** Source information follows **

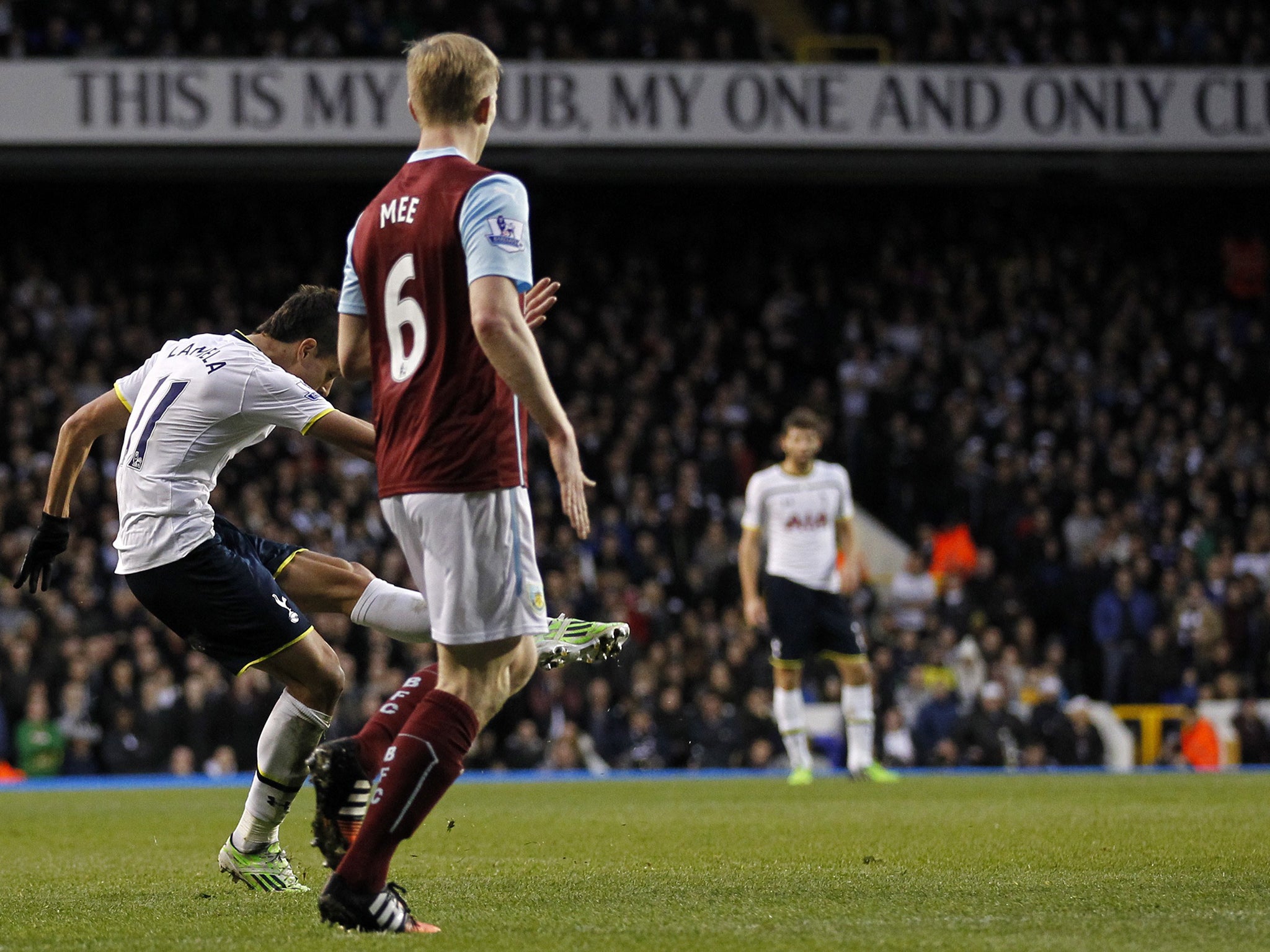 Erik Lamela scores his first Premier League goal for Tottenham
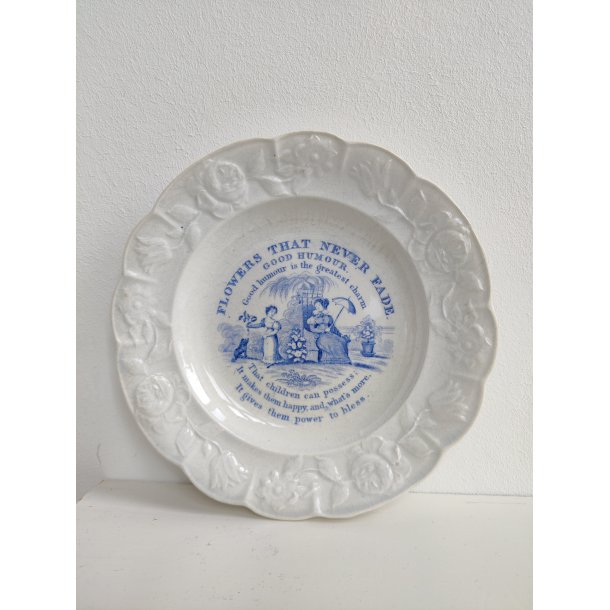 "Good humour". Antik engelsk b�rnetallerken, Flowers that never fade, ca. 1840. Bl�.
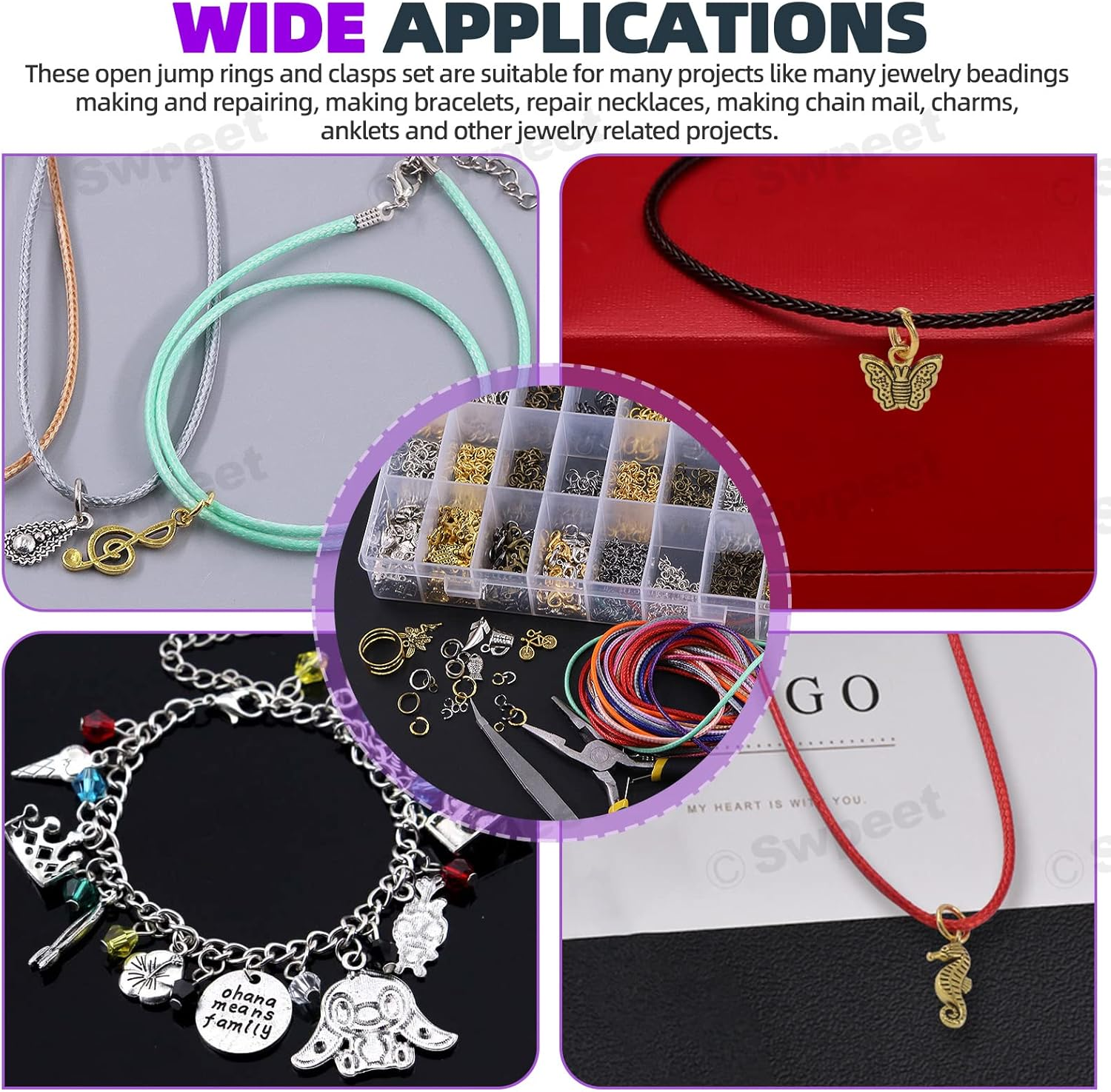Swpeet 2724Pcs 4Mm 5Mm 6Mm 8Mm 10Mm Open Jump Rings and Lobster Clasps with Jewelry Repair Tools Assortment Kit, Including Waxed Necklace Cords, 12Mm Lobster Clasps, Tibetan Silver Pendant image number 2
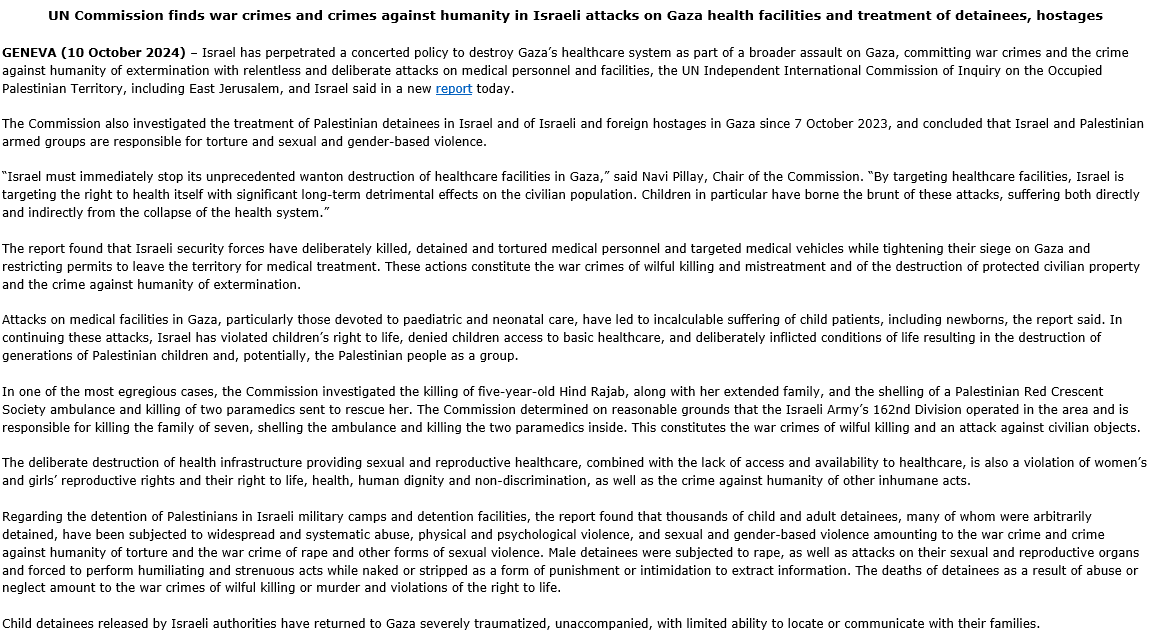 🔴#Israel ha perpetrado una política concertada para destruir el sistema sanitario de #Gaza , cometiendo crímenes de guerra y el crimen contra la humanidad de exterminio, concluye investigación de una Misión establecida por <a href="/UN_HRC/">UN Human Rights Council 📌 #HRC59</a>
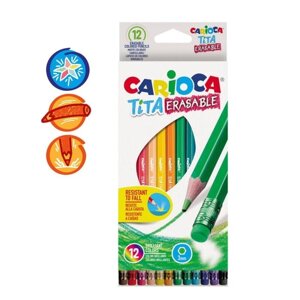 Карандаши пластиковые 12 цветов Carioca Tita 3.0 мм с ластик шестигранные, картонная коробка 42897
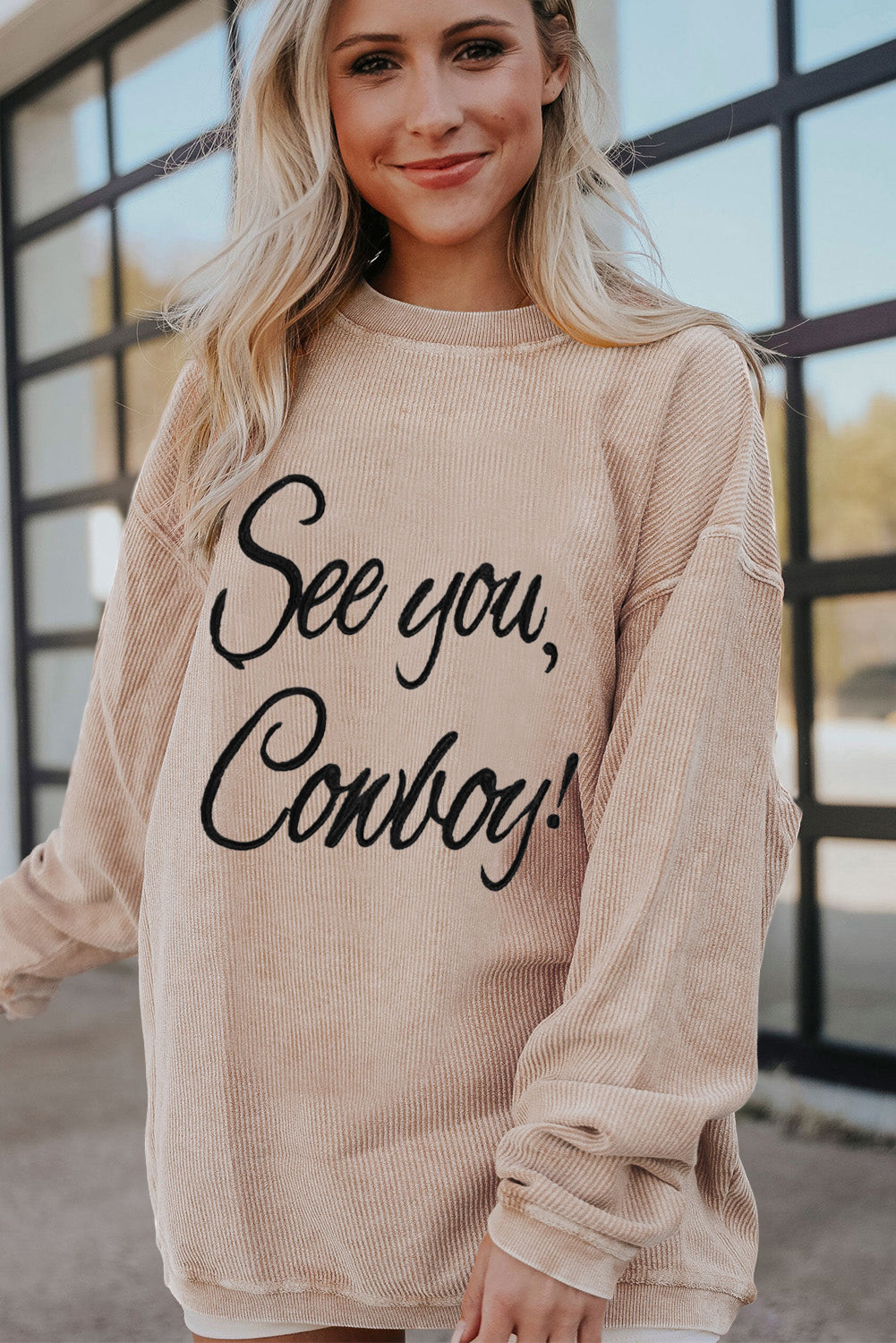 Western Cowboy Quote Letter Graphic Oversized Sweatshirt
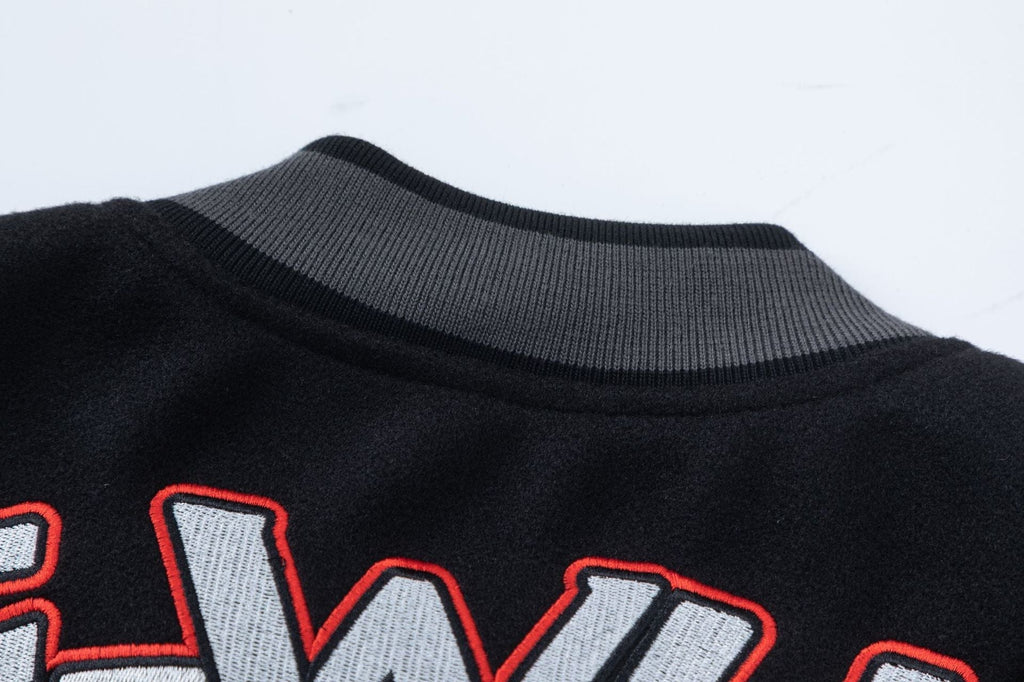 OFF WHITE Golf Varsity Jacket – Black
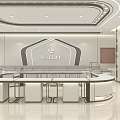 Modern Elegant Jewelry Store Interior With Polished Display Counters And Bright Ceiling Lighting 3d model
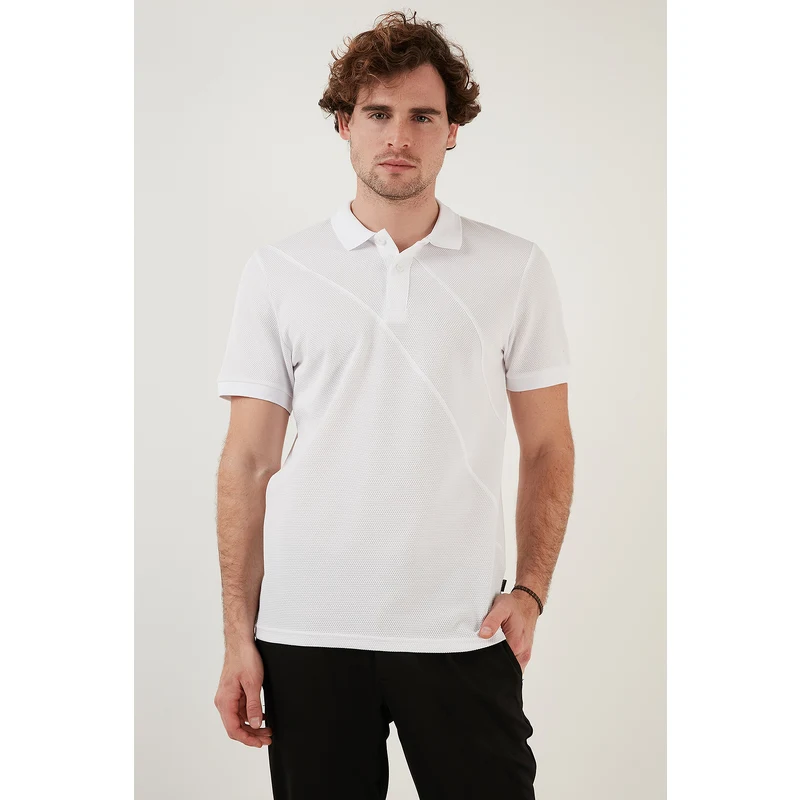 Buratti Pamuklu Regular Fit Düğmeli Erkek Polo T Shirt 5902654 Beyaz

** End of Source information **

What is expected
Look above for the line containing "Карандаши пластиковые 12", then write out every line from there down to the line containing "Modern Elegant Jewelry", that line included, with no pictures.

Task answer
 Карандаши пластиковые 12 цветов Carioca Tita 3.0 мм с ластик шестигранные, картонная коробка 42897
 Western Cowboy Quote Letter Graphic Oversized Sweatshirt
 OFF WHITE Golf Varsity Jacket – Black
 Modern Elegant Jewelry Store Interior With Polished Display Counters And Bright Ceiling Lighting 3d model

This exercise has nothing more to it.